How many threads I've read people asking what boots they should buy.... We *CAN'T* tell you what boots to buy because, if you haven't noticed, we're all *DIFFERENT*. What works for me and twenty thousand others doesn't mean it'll fit your uniquely shaped foot. You and I may have almost exact-shaped feet, but the smallest bump or curve could cause a pressure point for you that I would not feel because of it. 

So don't ask us. Suck it up and try on different boots 'till you've sworn off shopping for anything, for good. It's just the way it is, and there's no way to get around it.


----------



## Sam I Am (Sep 9, 2009)

And before you respond with some kind of angry comment saying you just want to know what worked for us, I'm just saying that our reviews on a boot is not completely relevant to you because our needs and the shape of our feet/lower legs are not similar enough, so it can't constitute to help you. Sorry man.


----------



## Guest (Nov 9, 2009)

just go into your local shop with an open mind and some time to kill and your problem will be solved.


----------



## Guest (Nov 9, 2009)

Im not asking for comfort, but it is important. The problem i had with my first boot was the lacing system is shitty. Do you guys think i should try out a BOA lacing or old school Lace?


----------



## Guest (Nov 9, 2009)

BOA or lace is your preference I use lace, but I like BOA. I got last year's Rome Libertines. They are really nice and comfortable but like Sam IAm said you gotta go into your local shop and try on bunch pairs. Although find out how to break in to boots and how long. My Libertines broke in really quickly, thats because the they break in using your feet's heat.

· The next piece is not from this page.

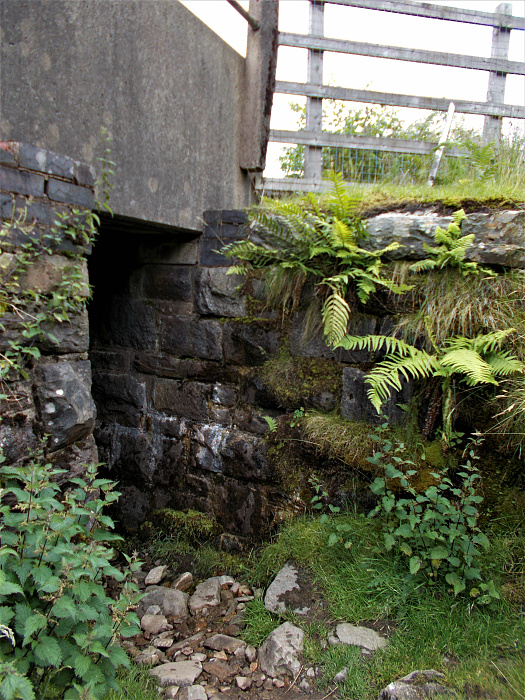 Klicke auf die Grafik für eine vergrößerte Ansicht  Name: 2022-07-28 West Highland Way 099.jpg Ansichten: 0 Größe: 4,74 MB ID: 3196592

That want the shop manager told me.


----------



## Tarzanman (Dec 20, 2008)

Go with old school laces, and make sure to jump around the shop in whatever you try on to make sure that they fit and that the laces won't loosen up on you.

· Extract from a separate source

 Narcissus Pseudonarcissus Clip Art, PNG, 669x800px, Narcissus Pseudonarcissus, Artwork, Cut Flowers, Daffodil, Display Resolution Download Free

$300 is more than enough to find a decent pair of snowboard kix.


----------



## arsenic0 (Nov 11, 2008)

Any boot over 200 bucks more or less is going to be in the mid/high end boot range depending on manufacturer...just find the one that fits the best...dont worry about anything else...

If i found a pair of pink boots that fit my feet so well no other boot could compare..i'd ride them...


----------